(Stored dataset items)
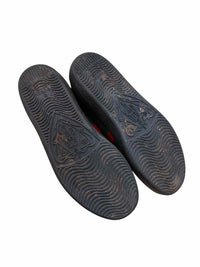 Gucci black, red, green Size 36 Shoes
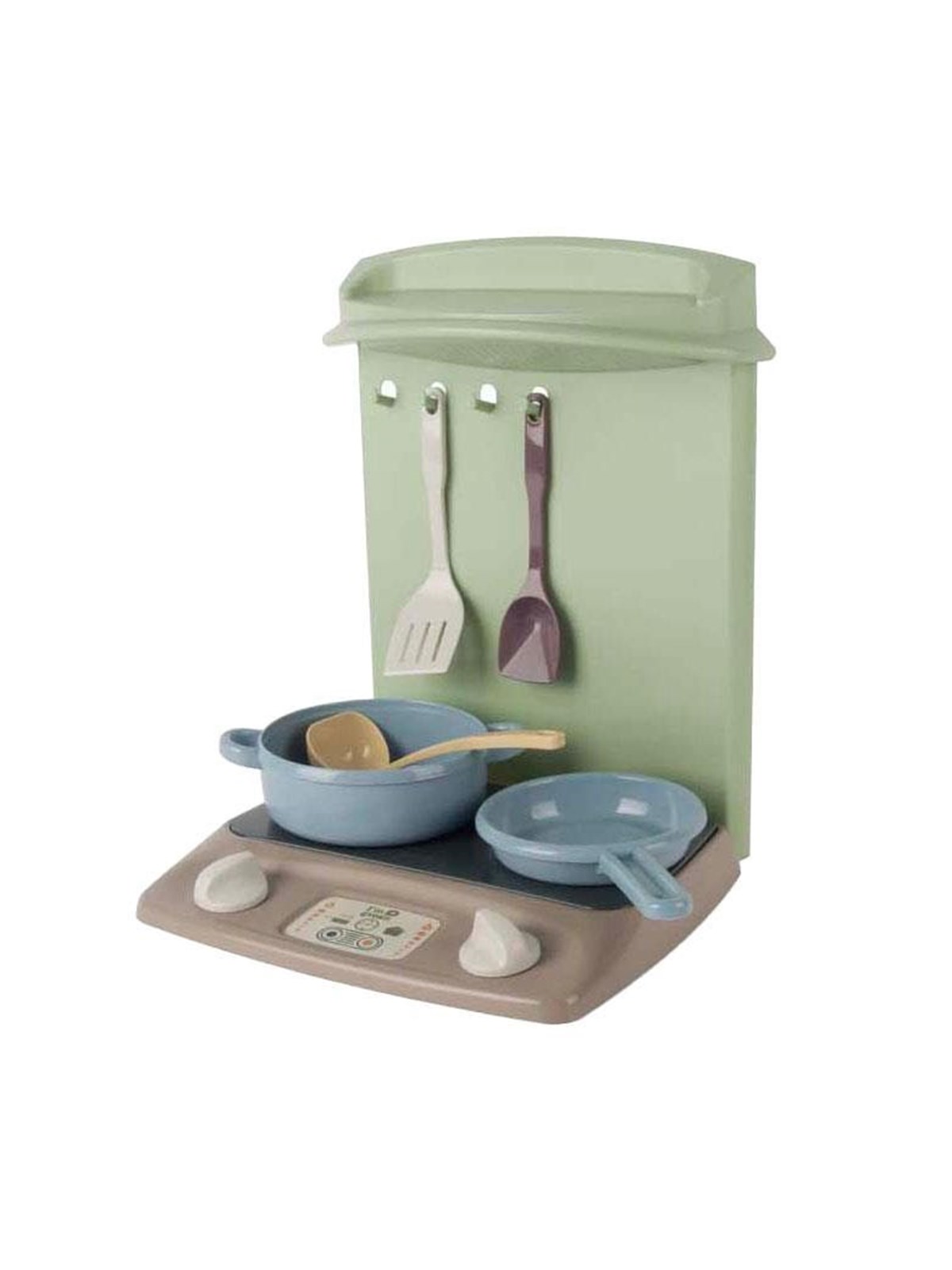 Dantoy Mini Kitchen - Spielkueche Zubehoer - 4710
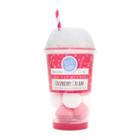 Fizz & Bubble Milkshake Bath Bomb - Raspberry Cream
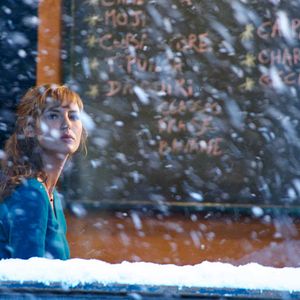 Fotoğraf Aramızda Bebek Var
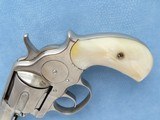 Colt Model 1878 Revolver with Holster, Cal. .45 Long Colt - 5 of 12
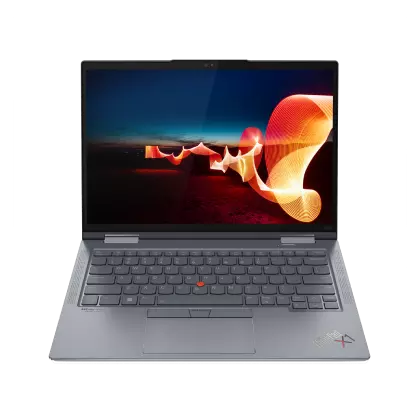 ThinkPad X1 Yoga Gen 7 
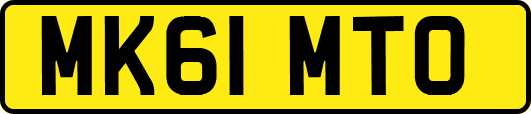 MK61MTO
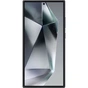 Чохол-накладка Samsung Vegan Leather Case для Samsung Galaxy S24 Ultra SM-S928 Black (GP-FPS928HCABW) - зменшене зображення 4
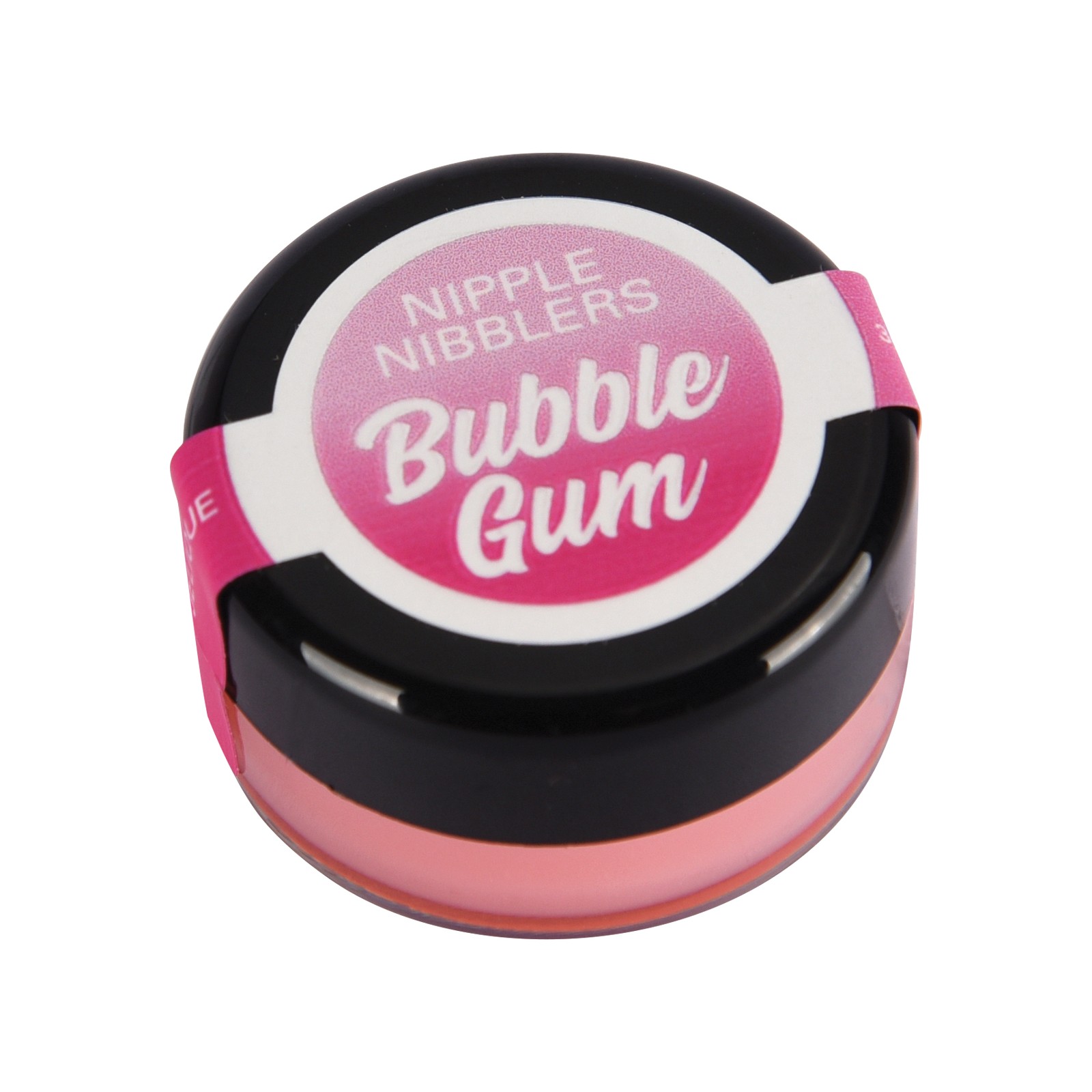 Nipple Nibbler Cool Tingle Balm Bubble Gum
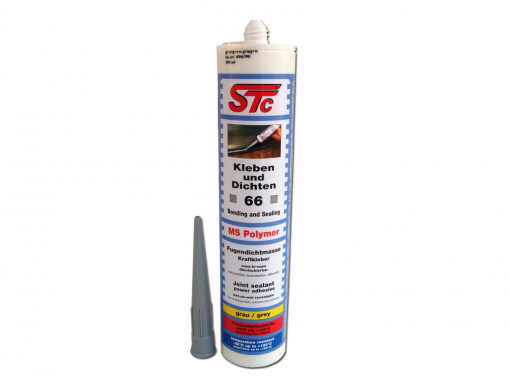 STC 66 MS Polimer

* [WORK REQUIRED]: Restate the data above word for word, omitting every picture.

* [REPLY TO THE EXERCISE]:
 Gucci black, red, green Size 36 Shoes
 Dantoy Mini Kitchen - Spielkueche Zubehoer - 4710
 Fizz & Bubble Milkshake Bath Bomb - Raspberry Cream
 Fotoğraf Aramızda Bebek Var
 Colt Model 1878 Revolver with Holster, Cal. .45 Long Colt - 5 of 12
 ThinkPad X1 Yoga Gen 7 
 MK61MTO
 Чохол-накладка Samsung Vegan Leather Case для Samsung Galaxy S24 Ultra SM-S928 Black (GP-FPS928HCABW) - зменшене зображення 4
 Nipple Nibbler Cool Tingle Balm Bubble Gum
 STC 66 MS Polimer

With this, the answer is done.